Many of us are familiar with the term “cause-related marketing.” Sometimes the phrase is applied in a broad sense to any effort to increase public awareness of an important issue. A narrower definition is a campaign by a corporation to support a cause, either (cynically) to promote its own brand or (unselfishly) to lend its support to a worthy pursuit—depending on your point of view.
The Internet, the airwaves, and print media are rife with cause-related marketing. How many times, for instance, have you encountered ads by oil companies and automobile manufacturers touting their “green” practices? Cause-related mapping, on the other hand, is a far less common phenomenon.
What is cause-related mapping? It’s my own term, so I’m happy to propose a definition: It’s the use of maps, in combination with other rich media, to inform and engage the public in support of important causes.
There is vast, untapped potential in cause-related mapping. Consider three facts:
- Every issue you can think of, from climate change to poverty reduction to job creation, has interesting and important geographic characteristics.
- Maps reveal spatial patterns, facilitate understanding, and help us make sense of the world.
- Most people like maps.
And yet how many times can you recall an organization using maps to show you why an issue is important and what you can do about it?

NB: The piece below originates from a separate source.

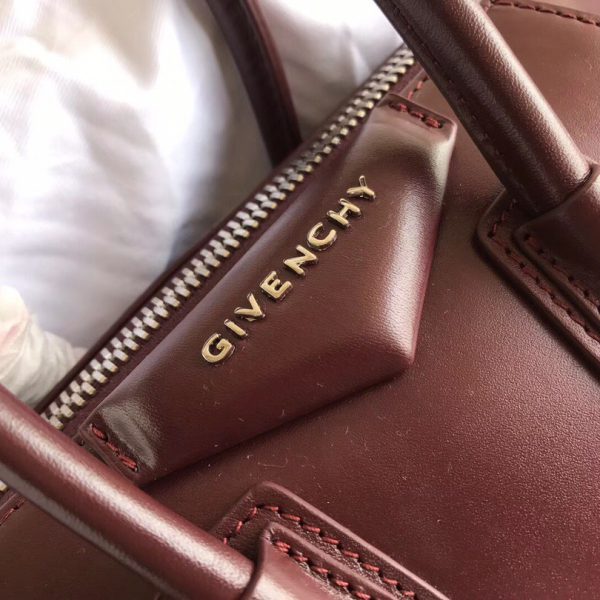 Givenchy Antigona Bag Mini 23cm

Hardly ever, right?
Now that maps are enabled via the Internet and distributed to our laptops, tablets, and smartphones, the potential for using them to catalyze awareness and action has become all the greater. Maps used to tell us stories in a singularly understated way. Now, supercharged by digital technology, distributed instantaneously across electronic networks, and enlivened by innovative user experiences, they’ve become much more active and versatile storytellers.

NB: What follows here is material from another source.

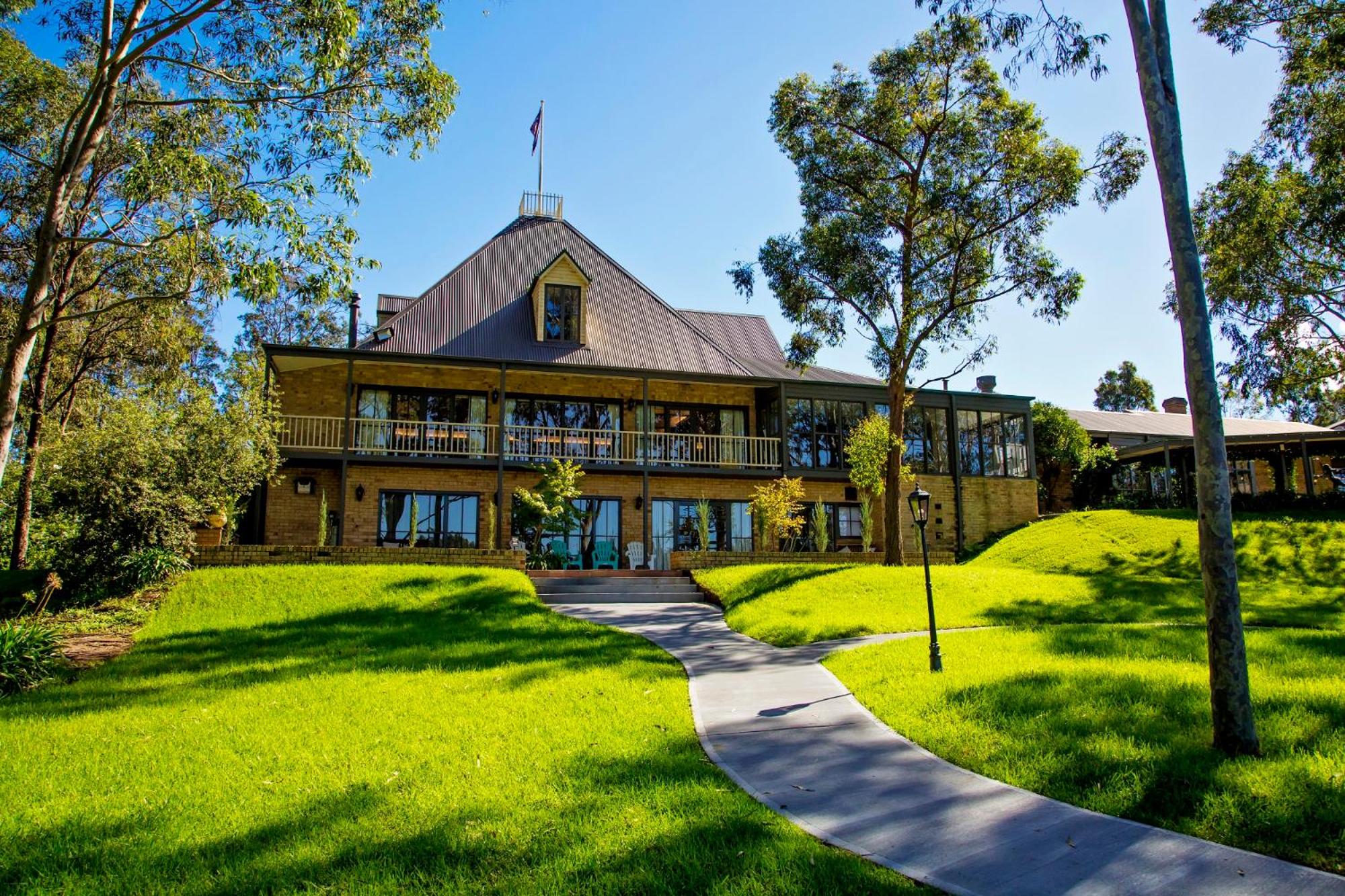 Lincoln Downs Resort Batemans Bay view 5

Our story maps team is beginning to explore this largely uncharted territory of cause-related mapping. One of our early projects highlighted the Global Footprint Network’s insightful examination of the rates at which most nations are overspending their ecological capital:
Recently we teamed up with the National Audubon Society to depict the life cycle of the Piping Plover, a shorebird that nests, precariously, adjacent to Atlantic Coast beaches and is thus in constant conflict with Homo sapiens recreationi. The story reveals the many threats facing these beautiful little birds as they breed, migrate, and winter, and it shows how Audubon is working to protect it at every step of the way.

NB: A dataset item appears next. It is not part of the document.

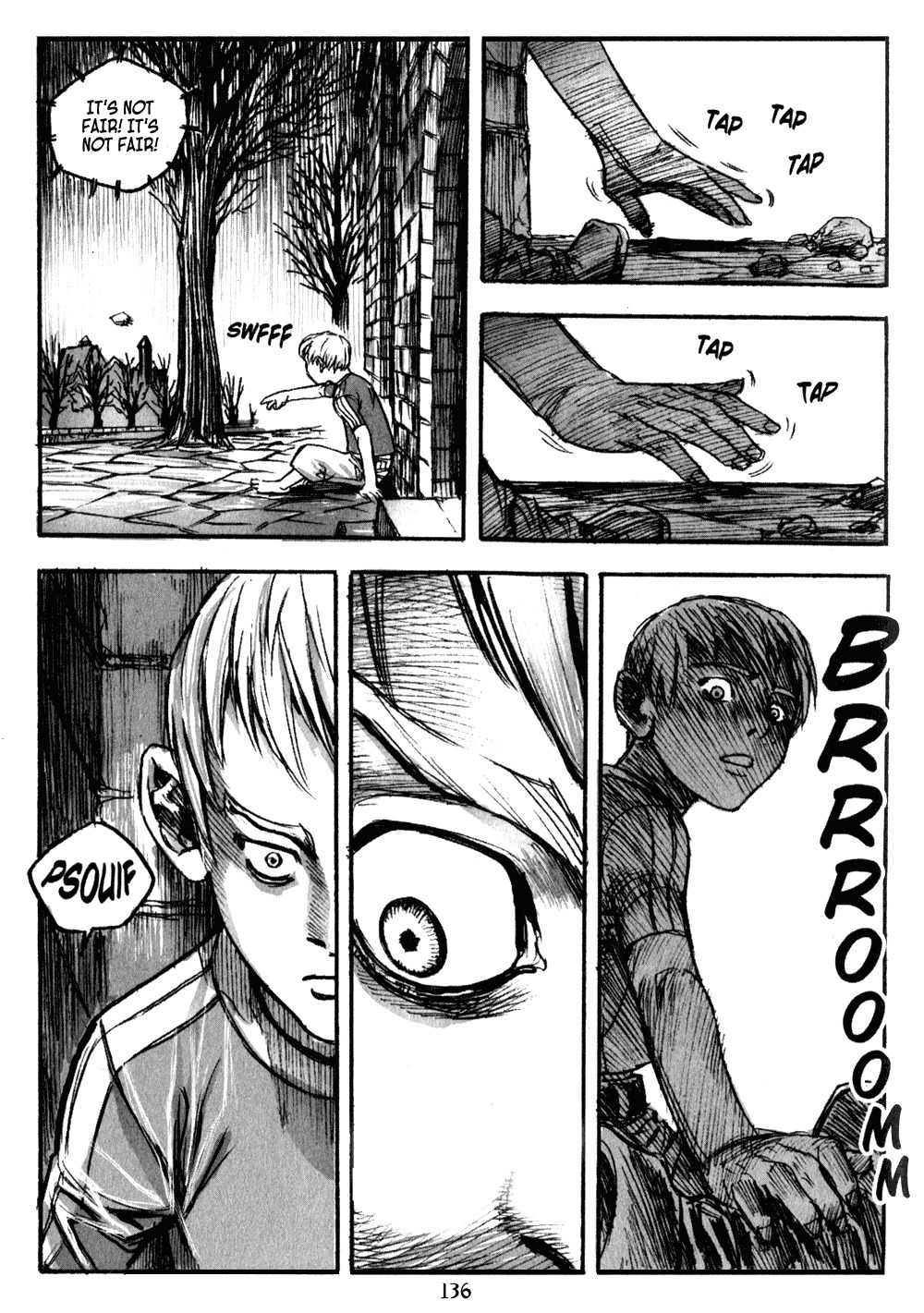 ChunChu Chapter 12 page 10 - Chapter 12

A few months ago we collaborated with IUCN, the big international conservation organization, to raise awareness of the increasing threat that human activities are bringing to the diverse array of life on earth. The conservation community depends on IUCN’s “Red List” as the definitive catalog of thousands of rare and endangered species worldwide. Our story map profiles a selection of these species via a world map. A click on a map icon generates a species profile, including a close-up range map, photo, text description, and link to technical information.
These examples only hint at the potential of cause-related mapping. Thousands of humanitarian and conservation organizations administer countless projects in nearly every corner of the earth. Yet few people are aware of the vast scope of these operations. Wouldn’t donors be inspired to see the distribution and breadth of these efforts? Wouldn’t you, as a potential donor or volunteer, want to know more about the local, on-the-ground work of the groups that you support? Wouldn’t more people be inspired to support conservation if they could track, in near-real time, the movements of animals across threatened landscapes?
Maps can help turn abstract issues into tangible, understandable, solvable stories. Maps can inspire action. Let’s use them not only to measure and observe the world, but to change it.